DATA LISTING:
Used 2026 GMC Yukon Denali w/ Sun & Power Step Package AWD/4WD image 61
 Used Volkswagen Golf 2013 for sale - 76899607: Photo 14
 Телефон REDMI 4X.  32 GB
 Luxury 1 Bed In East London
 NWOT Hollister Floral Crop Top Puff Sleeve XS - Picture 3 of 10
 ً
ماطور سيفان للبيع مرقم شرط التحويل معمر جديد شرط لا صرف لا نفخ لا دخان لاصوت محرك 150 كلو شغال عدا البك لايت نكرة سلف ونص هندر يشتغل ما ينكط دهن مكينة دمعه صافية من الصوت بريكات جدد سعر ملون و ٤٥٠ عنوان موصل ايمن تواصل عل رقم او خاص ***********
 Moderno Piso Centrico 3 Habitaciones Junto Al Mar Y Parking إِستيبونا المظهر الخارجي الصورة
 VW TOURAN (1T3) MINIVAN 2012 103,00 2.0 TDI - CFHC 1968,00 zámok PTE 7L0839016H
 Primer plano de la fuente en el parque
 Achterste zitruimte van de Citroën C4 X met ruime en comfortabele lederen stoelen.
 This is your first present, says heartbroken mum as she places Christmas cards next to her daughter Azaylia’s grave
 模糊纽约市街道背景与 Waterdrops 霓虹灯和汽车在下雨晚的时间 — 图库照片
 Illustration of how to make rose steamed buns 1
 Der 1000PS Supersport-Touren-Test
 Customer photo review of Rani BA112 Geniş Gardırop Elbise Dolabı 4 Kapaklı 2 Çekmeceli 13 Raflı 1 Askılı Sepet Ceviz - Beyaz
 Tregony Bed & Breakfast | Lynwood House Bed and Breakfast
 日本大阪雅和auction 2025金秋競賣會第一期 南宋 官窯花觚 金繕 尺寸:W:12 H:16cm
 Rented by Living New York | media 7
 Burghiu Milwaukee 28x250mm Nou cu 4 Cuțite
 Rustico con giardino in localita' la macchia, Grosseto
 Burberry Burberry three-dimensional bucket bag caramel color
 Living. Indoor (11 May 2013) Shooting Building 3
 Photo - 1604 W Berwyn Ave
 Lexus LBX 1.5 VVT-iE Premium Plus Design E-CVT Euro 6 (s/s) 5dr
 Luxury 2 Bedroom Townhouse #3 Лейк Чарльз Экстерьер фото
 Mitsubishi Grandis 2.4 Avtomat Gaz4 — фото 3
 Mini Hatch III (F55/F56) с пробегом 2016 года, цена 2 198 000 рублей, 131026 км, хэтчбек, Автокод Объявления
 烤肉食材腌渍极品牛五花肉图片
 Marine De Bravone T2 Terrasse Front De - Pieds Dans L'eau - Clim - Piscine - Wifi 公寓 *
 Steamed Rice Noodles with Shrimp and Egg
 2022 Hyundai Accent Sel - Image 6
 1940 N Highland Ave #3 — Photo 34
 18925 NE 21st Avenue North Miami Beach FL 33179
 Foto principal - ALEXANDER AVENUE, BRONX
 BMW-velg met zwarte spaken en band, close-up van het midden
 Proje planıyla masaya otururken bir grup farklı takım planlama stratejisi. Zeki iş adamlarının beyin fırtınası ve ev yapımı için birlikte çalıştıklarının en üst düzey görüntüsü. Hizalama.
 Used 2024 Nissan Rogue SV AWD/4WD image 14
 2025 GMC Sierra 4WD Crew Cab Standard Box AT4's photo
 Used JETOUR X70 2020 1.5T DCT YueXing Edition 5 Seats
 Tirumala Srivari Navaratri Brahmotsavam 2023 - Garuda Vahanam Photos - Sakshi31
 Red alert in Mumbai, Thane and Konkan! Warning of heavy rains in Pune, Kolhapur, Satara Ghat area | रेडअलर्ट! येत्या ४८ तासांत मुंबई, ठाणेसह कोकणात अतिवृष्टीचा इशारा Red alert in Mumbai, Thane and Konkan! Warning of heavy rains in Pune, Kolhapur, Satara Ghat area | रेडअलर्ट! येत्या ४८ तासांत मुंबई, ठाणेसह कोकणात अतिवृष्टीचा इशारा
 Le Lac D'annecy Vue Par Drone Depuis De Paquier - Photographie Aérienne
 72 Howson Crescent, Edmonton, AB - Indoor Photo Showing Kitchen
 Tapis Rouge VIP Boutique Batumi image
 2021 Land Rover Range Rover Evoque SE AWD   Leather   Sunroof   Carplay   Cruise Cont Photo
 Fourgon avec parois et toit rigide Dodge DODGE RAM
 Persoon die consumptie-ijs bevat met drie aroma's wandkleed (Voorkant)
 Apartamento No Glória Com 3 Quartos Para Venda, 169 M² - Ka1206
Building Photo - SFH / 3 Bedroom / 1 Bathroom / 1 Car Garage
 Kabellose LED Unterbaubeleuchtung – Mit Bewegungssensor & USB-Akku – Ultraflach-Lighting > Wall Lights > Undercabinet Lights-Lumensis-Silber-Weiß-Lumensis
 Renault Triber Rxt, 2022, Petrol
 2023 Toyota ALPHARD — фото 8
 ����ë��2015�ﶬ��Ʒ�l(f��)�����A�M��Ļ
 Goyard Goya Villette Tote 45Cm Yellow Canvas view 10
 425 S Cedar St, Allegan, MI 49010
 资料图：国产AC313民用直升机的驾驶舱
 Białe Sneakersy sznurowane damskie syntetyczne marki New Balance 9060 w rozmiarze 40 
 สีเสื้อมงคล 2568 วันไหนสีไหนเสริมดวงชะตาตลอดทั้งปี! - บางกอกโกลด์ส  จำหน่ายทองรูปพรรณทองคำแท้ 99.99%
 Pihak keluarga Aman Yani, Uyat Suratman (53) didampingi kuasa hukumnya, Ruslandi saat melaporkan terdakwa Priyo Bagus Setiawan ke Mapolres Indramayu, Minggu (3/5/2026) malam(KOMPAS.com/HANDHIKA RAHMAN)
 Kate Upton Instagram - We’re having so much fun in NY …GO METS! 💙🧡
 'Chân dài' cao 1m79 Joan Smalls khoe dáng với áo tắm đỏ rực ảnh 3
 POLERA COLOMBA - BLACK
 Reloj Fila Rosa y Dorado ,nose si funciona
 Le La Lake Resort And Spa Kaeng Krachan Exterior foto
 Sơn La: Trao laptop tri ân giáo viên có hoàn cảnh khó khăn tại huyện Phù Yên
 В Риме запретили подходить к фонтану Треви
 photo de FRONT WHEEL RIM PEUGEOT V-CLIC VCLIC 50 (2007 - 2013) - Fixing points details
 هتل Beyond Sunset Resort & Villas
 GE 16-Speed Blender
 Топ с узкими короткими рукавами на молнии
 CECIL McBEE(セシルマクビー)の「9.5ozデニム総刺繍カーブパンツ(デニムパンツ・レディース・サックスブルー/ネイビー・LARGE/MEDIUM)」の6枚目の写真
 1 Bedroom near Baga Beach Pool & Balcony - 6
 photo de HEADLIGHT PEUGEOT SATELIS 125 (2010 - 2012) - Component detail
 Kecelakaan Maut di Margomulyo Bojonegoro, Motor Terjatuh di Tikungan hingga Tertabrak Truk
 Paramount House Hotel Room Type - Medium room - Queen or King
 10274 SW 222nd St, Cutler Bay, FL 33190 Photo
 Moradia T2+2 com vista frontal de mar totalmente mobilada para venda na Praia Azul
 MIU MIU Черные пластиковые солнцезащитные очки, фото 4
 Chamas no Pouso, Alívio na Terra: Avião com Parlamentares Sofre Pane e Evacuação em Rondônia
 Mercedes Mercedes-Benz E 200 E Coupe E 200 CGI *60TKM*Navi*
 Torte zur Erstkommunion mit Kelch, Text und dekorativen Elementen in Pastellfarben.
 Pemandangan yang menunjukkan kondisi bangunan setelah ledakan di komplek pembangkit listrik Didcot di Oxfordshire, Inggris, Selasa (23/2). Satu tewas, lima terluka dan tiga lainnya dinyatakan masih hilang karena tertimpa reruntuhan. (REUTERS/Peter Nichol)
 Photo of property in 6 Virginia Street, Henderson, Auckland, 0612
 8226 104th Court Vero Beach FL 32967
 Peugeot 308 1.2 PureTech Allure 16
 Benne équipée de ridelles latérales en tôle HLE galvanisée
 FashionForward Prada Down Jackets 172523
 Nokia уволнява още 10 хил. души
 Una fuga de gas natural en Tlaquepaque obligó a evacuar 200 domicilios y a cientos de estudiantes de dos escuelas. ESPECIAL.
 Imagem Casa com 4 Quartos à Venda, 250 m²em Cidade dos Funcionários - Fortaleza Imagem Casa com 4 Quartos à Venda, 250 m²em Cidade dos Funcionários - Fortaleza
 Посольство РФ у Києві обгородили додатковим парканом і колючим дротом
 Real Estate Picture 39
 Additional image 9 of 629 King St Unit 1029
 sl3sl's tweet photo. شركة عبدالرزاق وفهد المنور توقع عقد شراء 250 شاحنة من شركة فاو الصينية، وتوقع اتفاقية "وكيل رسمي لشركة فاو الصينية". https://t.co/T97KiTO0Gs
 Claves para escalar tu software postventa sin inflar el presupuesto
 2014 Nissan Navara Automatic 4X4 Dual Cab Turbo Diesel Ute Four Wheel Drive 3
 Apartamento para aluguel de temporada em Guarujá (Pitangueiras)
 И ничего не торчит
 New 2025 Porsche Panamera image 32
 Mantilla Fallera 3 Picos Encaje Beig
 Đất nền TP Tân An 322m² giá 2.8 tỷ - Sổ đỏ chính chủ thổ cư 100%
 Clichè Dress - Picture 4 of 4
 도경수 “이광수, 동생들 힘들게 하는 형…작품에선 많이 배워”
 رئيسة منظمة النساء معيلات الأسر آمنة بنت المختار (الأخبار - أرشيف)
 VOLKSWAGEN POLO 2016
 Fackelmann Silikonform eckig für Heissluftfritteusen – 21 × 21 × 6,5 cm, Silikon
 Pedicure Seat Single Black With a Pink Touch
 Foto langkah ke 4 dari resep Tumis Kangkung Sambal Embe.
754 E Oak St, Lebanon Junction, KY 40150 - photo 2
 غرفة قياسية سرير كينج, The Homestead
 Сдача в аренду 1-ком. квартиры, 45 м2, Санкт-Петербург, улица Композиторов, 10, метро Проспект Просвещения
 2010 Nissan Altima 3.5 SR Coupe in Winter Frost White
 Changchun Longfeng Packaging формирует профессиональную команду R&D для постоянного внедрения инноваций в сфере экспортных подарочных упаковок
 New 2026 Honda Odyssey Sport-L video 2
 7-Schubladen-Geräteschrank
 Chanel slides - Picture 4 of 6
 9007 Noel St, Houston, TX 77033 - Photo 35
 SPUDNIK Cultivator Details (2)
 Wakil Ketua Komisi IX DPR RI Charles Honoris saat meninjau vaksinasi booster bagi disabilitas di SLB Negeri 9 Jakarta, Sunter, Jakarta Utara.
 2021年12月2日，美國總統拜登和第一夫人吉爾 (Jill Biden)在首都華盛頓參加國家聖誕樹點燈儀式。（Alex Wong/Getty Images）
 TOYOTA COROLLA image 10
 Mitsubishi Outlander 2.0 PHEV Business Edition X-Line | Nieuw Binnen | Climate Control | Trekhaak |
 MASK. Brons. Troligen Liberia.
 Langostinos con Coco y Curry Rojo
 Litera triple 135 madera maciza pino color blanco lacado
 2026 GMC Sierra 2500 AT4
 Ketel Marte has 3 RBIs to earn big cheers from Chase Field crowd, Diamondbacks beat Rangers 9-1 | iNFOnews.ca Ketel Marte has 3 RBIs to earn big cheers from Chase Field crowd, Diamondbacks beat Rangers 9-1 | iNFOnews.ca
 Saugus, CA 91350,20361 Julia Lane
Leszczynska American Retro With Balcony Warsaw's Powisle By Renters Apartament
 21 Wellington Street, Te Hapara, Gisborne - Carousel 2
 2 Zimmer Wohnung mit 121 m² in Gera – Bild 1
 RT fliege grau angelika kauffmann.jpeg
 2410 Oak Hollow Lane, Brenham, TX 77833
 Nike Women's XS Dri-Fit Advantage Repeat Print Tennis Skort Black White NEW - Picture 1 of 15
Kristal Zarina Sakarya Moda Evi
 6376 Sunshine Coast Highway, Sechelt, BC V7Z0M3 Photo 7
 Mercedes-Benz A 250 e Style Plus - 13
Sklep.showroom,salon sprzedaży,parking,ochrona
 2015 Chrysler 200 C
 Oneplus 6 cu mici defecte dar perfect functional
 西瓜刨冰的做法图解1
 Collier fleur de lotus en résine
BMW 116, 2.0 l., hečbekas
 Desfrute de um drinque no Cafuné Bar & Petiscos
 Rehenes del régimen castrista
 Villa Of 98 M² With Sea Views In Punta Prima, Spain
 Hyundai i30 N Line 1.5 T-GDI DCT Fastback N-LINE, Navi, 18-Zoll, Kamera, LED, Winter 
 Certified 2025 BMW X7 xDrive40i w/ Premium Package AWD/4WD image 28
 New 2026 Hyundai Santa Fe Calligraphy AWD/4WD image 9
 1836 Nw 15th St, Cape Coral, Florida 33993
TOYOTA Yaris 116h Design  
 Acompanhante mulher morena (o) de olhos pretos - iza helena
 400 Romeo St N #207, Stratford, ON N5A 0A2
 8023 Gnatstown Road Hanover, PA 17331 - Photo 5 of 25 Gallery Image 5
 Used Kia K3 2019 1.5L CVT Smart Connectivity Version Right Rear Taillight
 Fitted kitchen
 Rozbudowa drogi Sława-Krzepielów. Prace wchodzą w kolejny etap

YOUR ASSIGNMENT: Working from the material above, retype exactly the lines from the one with "2025 GMC Sierra" through the one with "photo de FRONT", both included, and only those lines.

RESPONSE AREA:
 2025 GMC Sierra 4WD Crew Cab Standard Box AT4's photo
 Used JETOUR X70 2020 1.5T DCT YueXing Edition 5 Seats
 Tirumala Srivari Navaratri Brahmotsavam 2023 - Garuda Vahanam Photos - Sakshi31
 Red alert in Mumbai, Thane and Konkan! Warning of heavy rains in Pune, Kolhapur, Satara Ghat area | रेडअलर्ट! येत्या ४८ तासांत मुंबई, ठाणेसह कोकणात अतिवृष्टीचा इशारा Red alert in Mumbai, Thane and Konkan! Warning of heavy rains in Pune, Kolhapur, Satara Ghat area | रेडअलर्ट! येत्या ४८ तासांत मुंबई, ठाणेसह कोकणात अतिवृष्टीचा इशारा
 Le Lac D'annecy Vue Par Drone Depuis De Paquier - Photographie Aérienne
 72 Howson Crescent, Edmonton, AB - Indoor Photo Showing Kitchen
 Tapis Rouge VIP Boutique Batumi image
 2021 Land Rover Range Rover Evoque SE AWD   Leather   Sunroof   Carplay   Cruise Cont Photo
 Fourgon avec parois et toit rigide Dodge DODGE RAM
 Persoon die consumptie-ijs bevat met drie aroma's wandkleed (Voorkant)
 Apartamento No Glória Com 3 Quartos Para Venda, 169 M² - Ka1206
Building Photo - SFH / 3 Bedroom / 1 Bathroom / 1 Car Garage
 Kabellose LED Unterbaubeleuchtung – Mit Bewegungssensor & USB-Akku – Ultraflach-Lighting > Wall Lights > Undercabinet Lights-Lumensis-Silber-Weiß-Lumensis
 Renault Triber Rxt, 2022, Petrol
 2023 Toyota ALPHARD — фото 8
 ����ë��2015�ﶬ��Ʒ�l(f��)�����A�M��Ļ
 Goyard Goya Villette Tote 45Cm Yellow Canvas view 10
 425 S Cedar St, Allegan, MI 49010
 资料图：国产AC313民用直升机的驾驶舱
 Białe Sneakersy sznurowane damskie syntetyczne marki New Balance 9060 w rozmiarze 40 
 สีเสื้อมงคล 2568 วันไหนสีไหนเสริมดวงชะตาตลอดทั้งปี! - บางกอกโกลด์ส  จำหน่ายทองรูปพรรณทองคำแท้ 99.99%
 Pihak keluarga Aman Yani, Uyat Suratman (53) didampingi kuasa hukumnya, Ruslandi saat melaporkan terdakwa Priyo Bagus Setiawan ke Mapolres Indramayu, Minggu (3/5/2026) malam(KOMPAS.com/HANDHIKA RAHMAN)
 Kate Upton Instagram - We’re having so much fun in NY …GO METS! 💙🧡
 'Chân dài' cao 1m79 Joan Smalls khoe dáng với áo tắm đỏ rực ảnh 3
 POLERA COLOMBA - BLACK
 Reloj Fila Rosa y Dorado ,nose si funciona
 Le La Lake Resort And Spa Kaeng Krachan Exterior foto
 Sơn La: Trao laptop tri ân giáo viên có hoàn cảnh khó khăn tại huyện Phù Yên
 В Риме запретили подходить к фонтану Треви
 photo de FRONT WHEEL RIM PEUGEOT V-CLIC VCLIC 50 (2007 - 2013) - Fixing points details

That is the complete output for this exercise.